- _Data to process_:

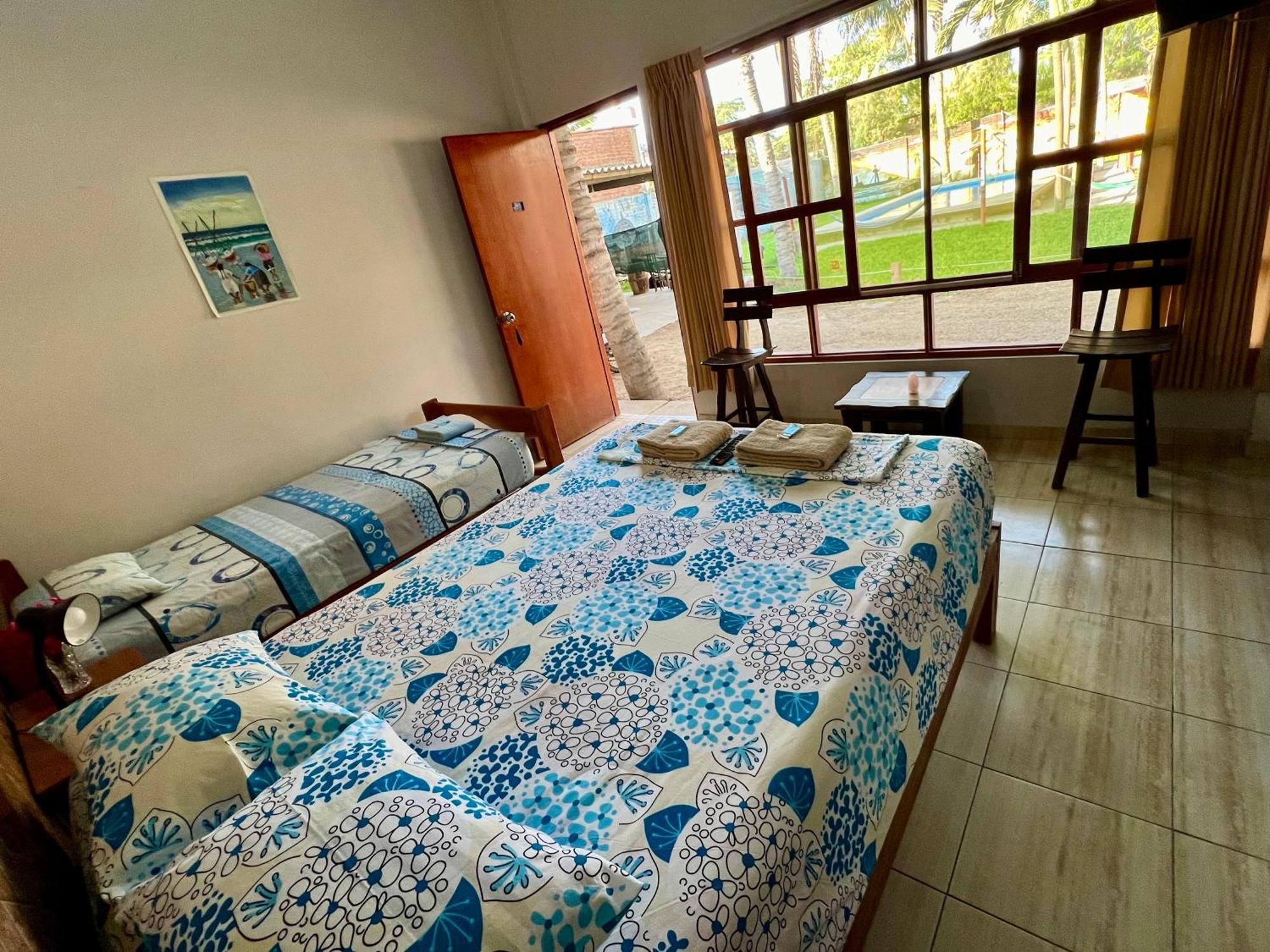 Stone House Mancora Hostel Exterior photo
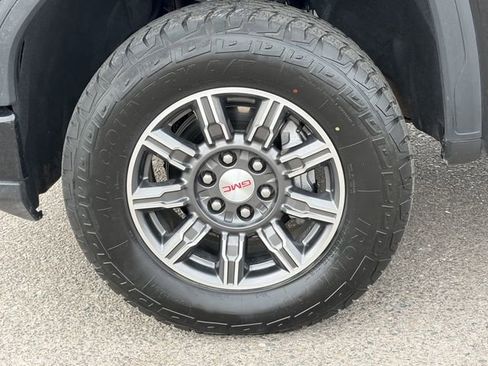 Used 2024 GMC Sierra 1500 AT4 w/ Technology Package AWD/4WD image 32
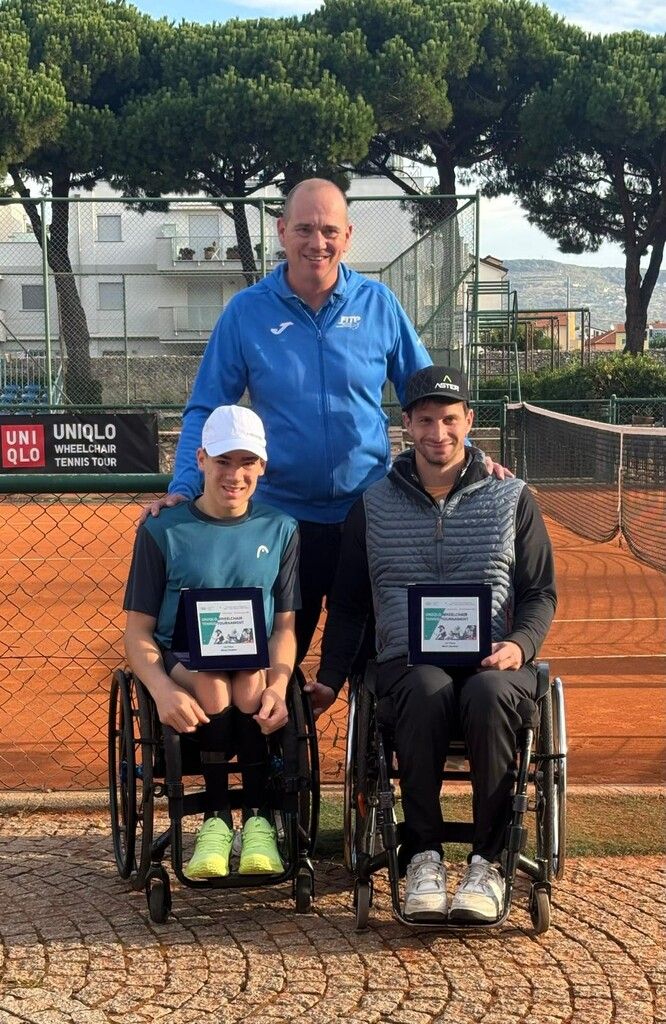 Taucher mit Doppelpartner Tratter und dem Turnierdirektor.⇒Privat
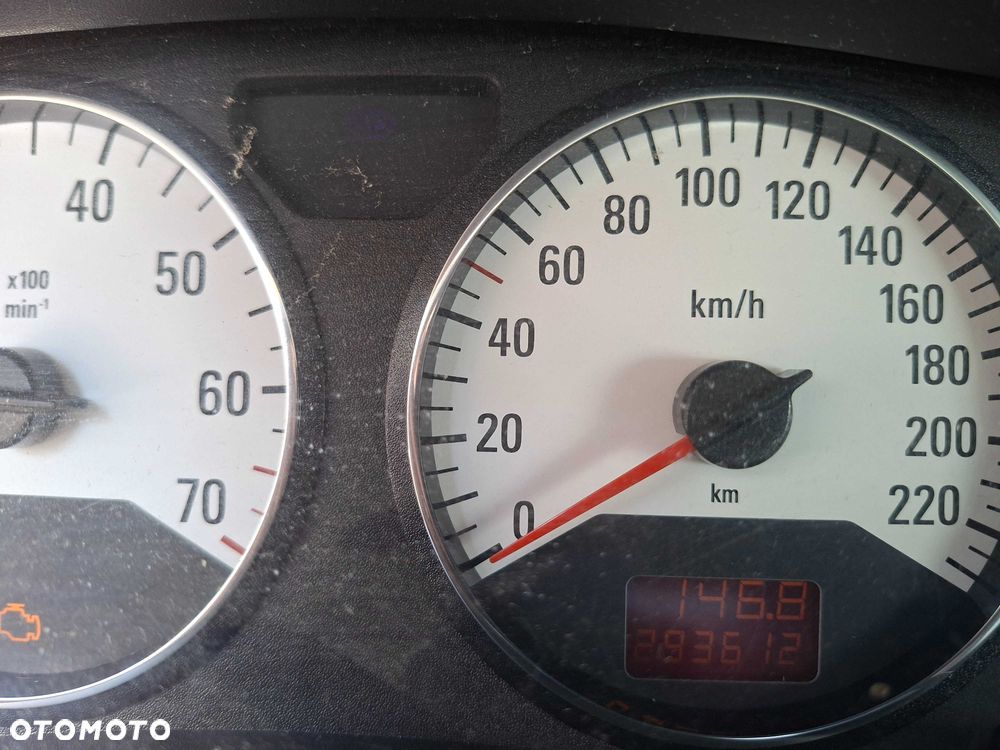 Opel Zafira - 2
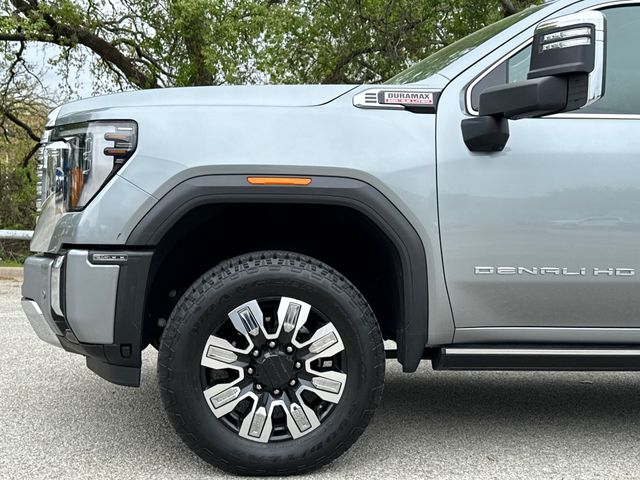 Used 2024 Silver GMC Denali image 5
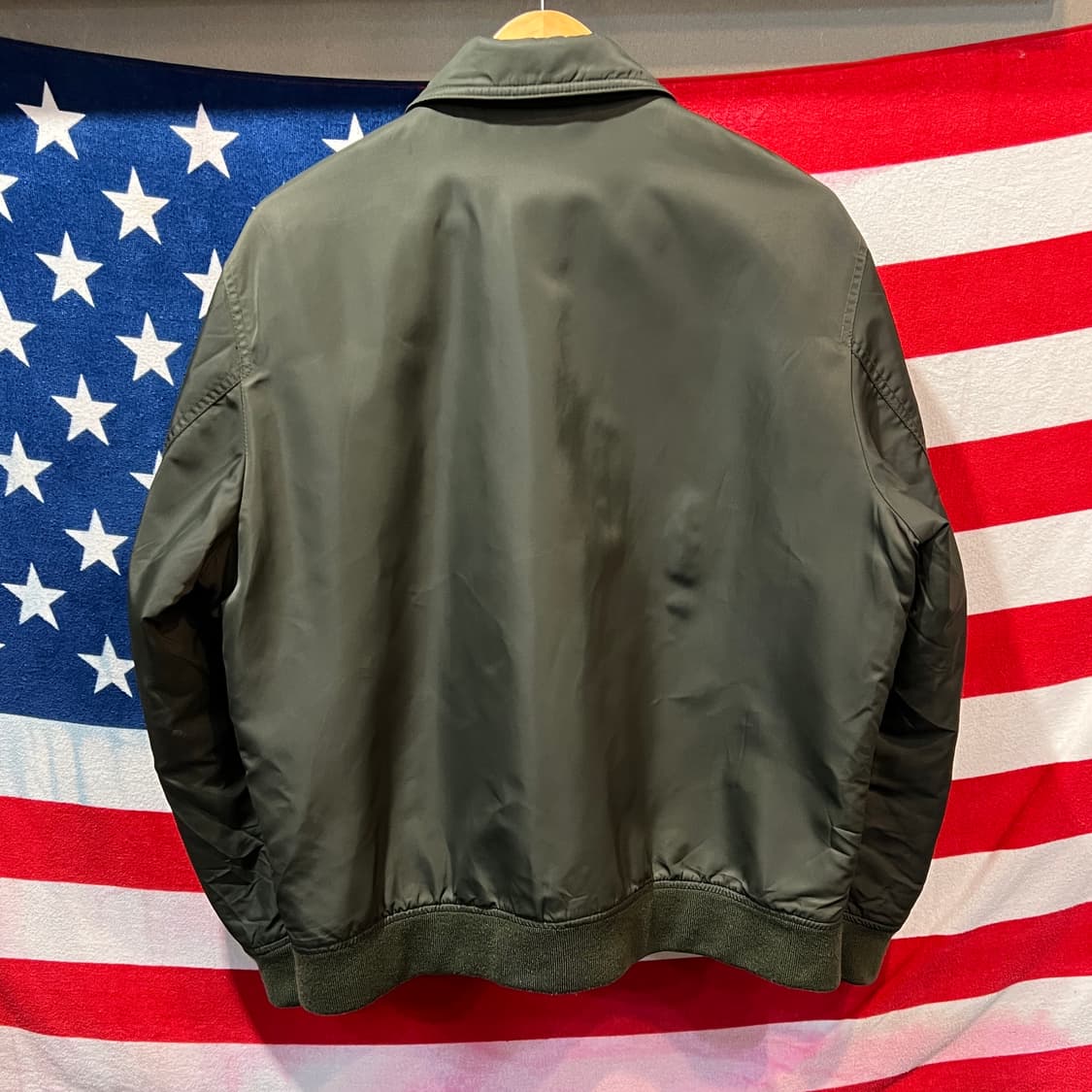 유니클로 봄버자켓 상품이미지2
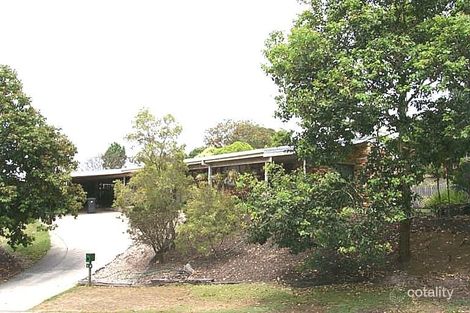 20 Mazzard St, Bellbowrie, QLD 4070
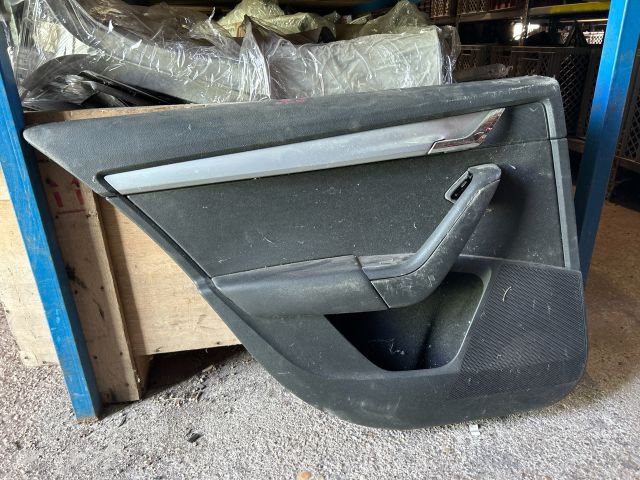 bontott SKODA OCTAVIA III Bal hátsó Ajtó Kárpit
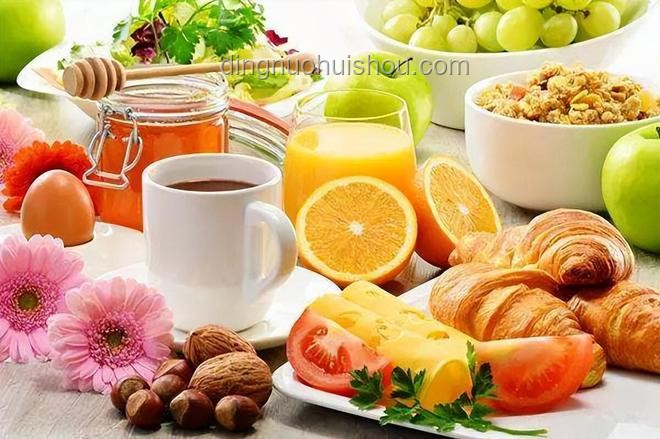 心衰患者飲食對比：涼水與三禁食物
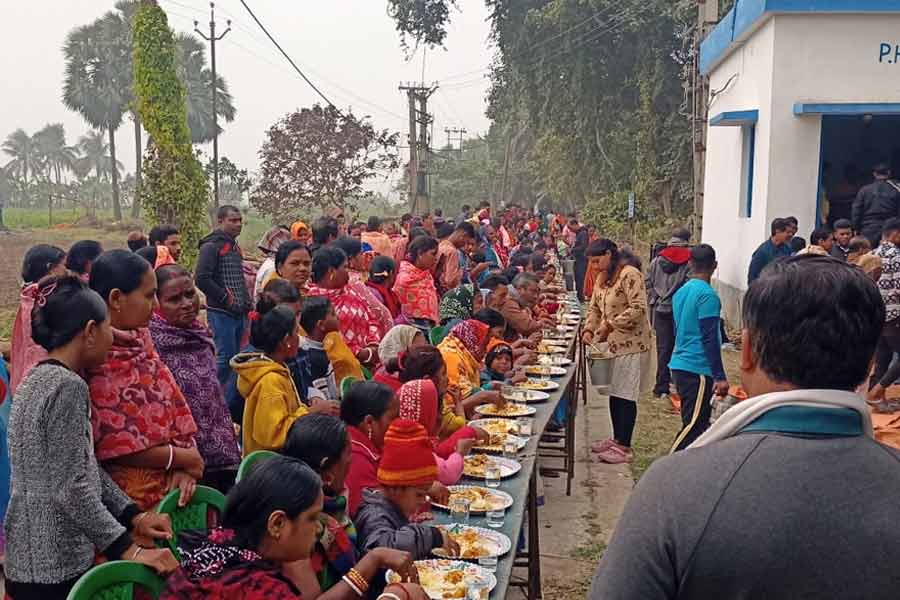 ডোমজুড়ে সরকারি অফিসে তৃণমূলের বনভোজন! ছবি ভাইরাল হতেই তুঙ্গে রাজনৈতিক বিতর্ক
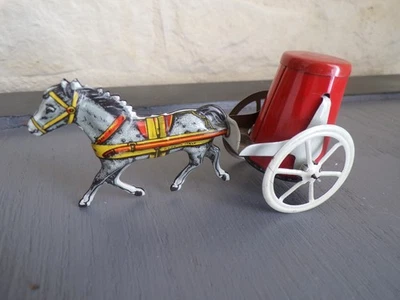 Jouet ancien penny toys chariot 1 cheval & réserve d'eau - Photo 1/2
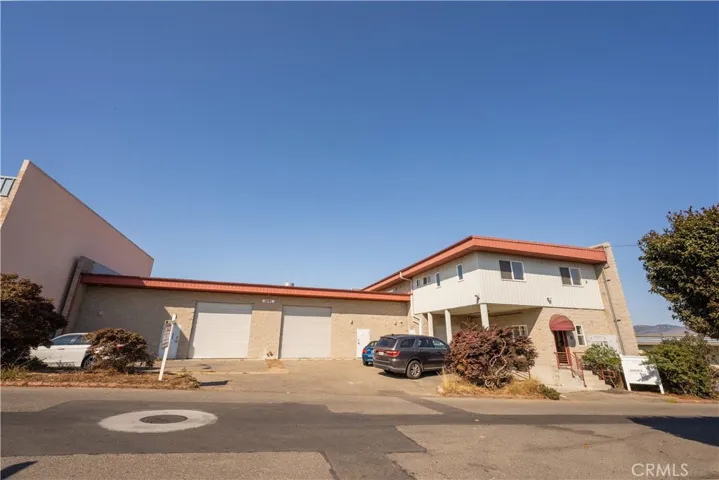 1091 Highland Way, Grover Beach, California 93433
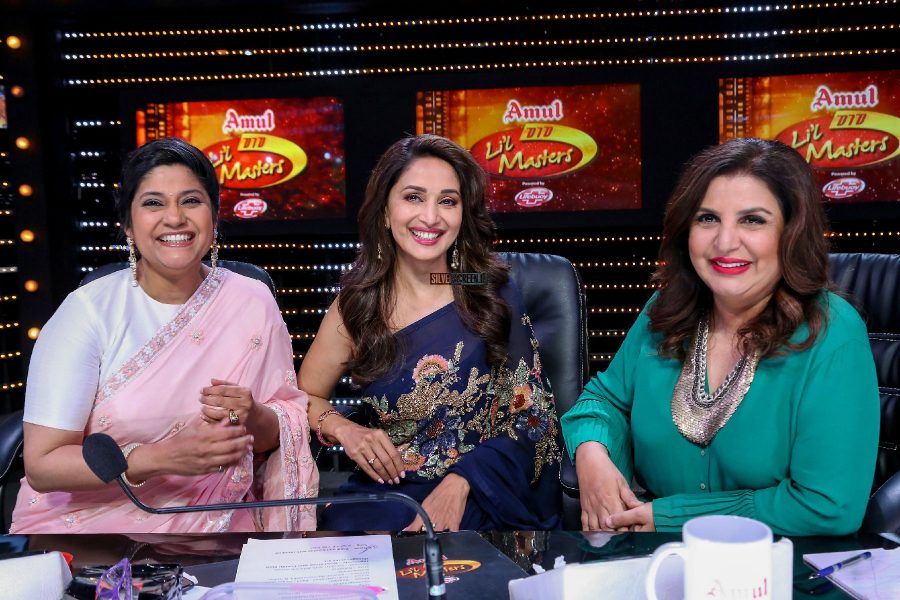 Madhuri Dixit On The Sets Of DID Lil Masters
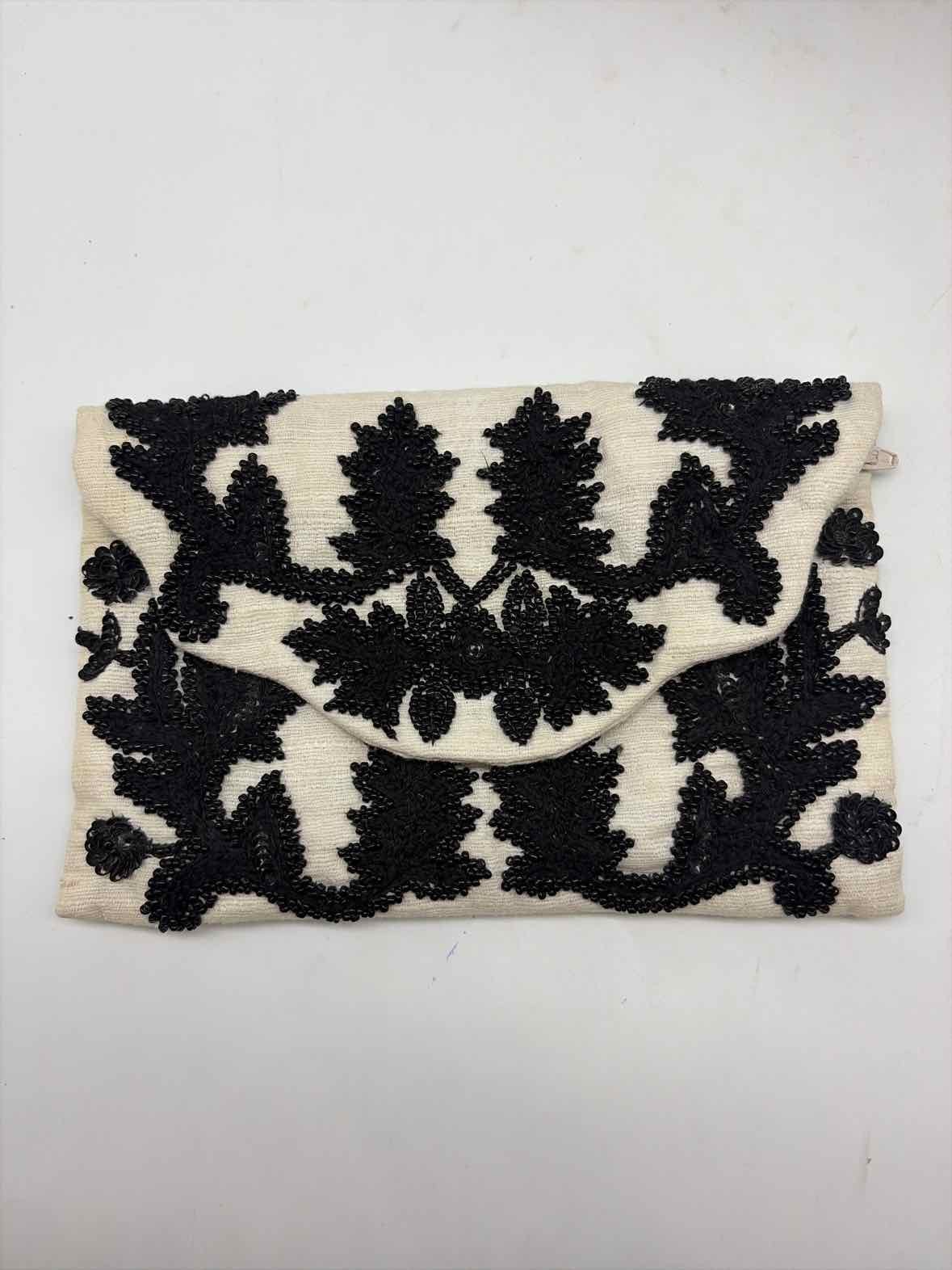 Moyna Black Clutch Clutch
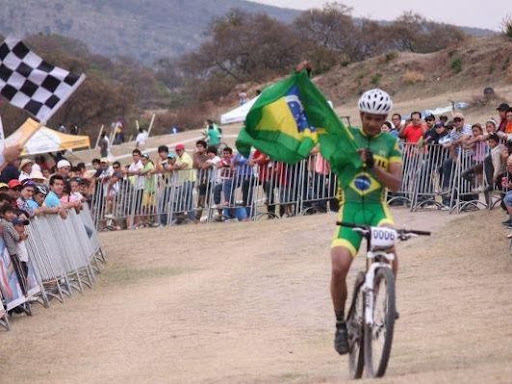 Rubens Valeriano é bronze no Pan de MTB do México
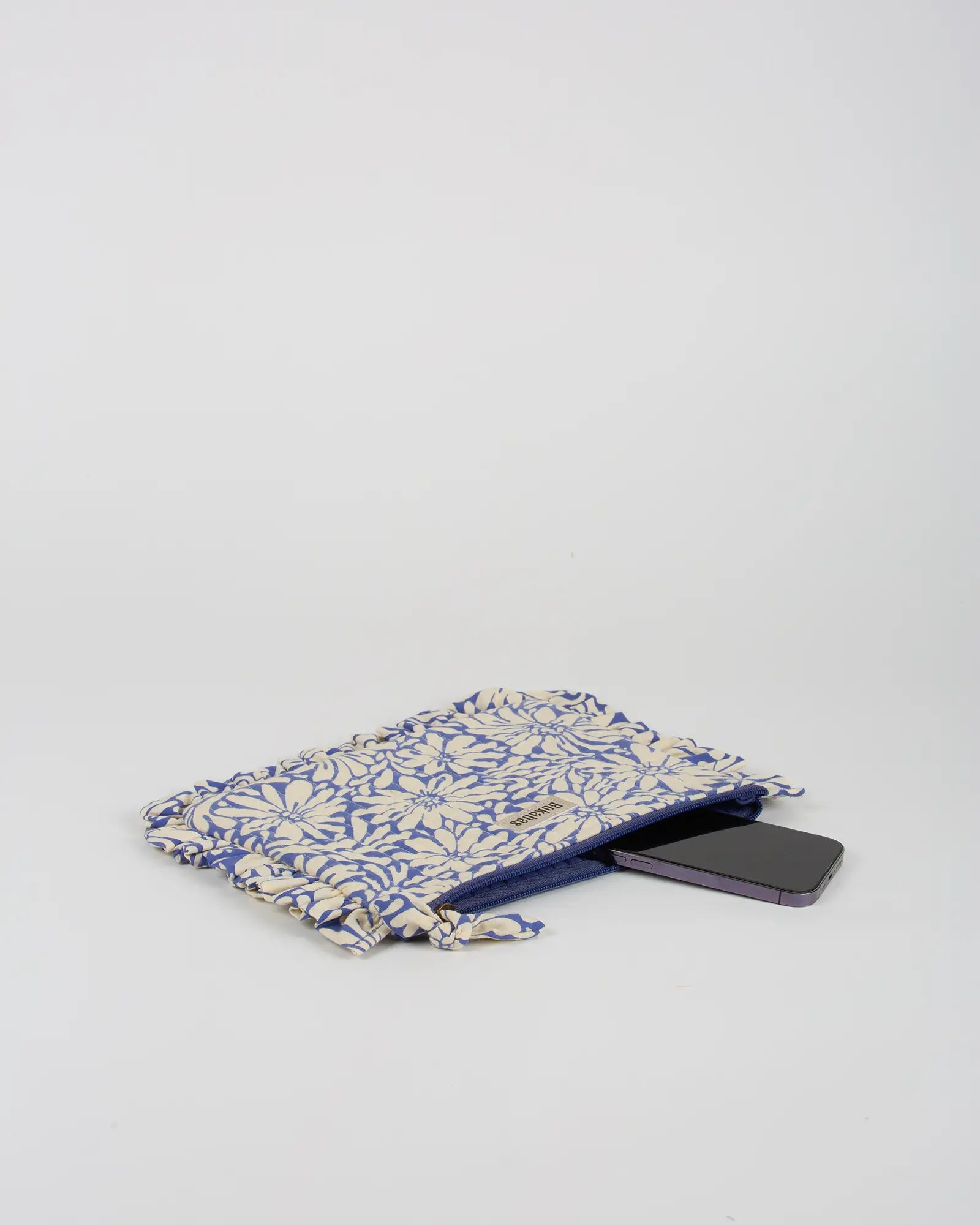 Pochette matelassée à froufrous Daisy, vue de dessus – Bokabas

- _Task statement_: Reproduce the data verbatim. Do not carry any picture into the copy.

- _Reply_:
 Stone House Mancora Hostel Exterior photo
 Used 2024 GMC Sierra 1500 AT4 w/ Technology Package AWD/4WD image 32
 Taucher mit Doppelpartner Tratter und dem Turnierdirektor.⇒Privat
 Opel Zafira - 2
 Used 2024 Silver GMC Denali image 5
 유니클로 봄버자켓 상품이미지2
 20 Mazzard St, Bellbowrie, QLD 4070
 bontott SKODA OCTAVIA III Bal hátsó Ajtó Kárpit
 心衰患者飲食對比：涼水與三禁食物
 ডোমজুড়ে সরকারি অফিসে তৃণমূলের বনভোজন! ছবি ভাইরাল হতেই তুঙ্গে রাজনৈতিক বিতর্ক
 Jouet ancien penny toys chariot 1 cheval & réserve d'eau - Photo 1/2
 1091 Highland Way, Grover Beach, California 93433
 Madhuri Dixit On The Sets Of DID Lil Masters
 Moyna Black Clutch Clutch
 Rubens Valeriano é bronze no Pan de MTB do México
 Pochette matelassée à froufrous Daisy, vue de dessus – Bokabas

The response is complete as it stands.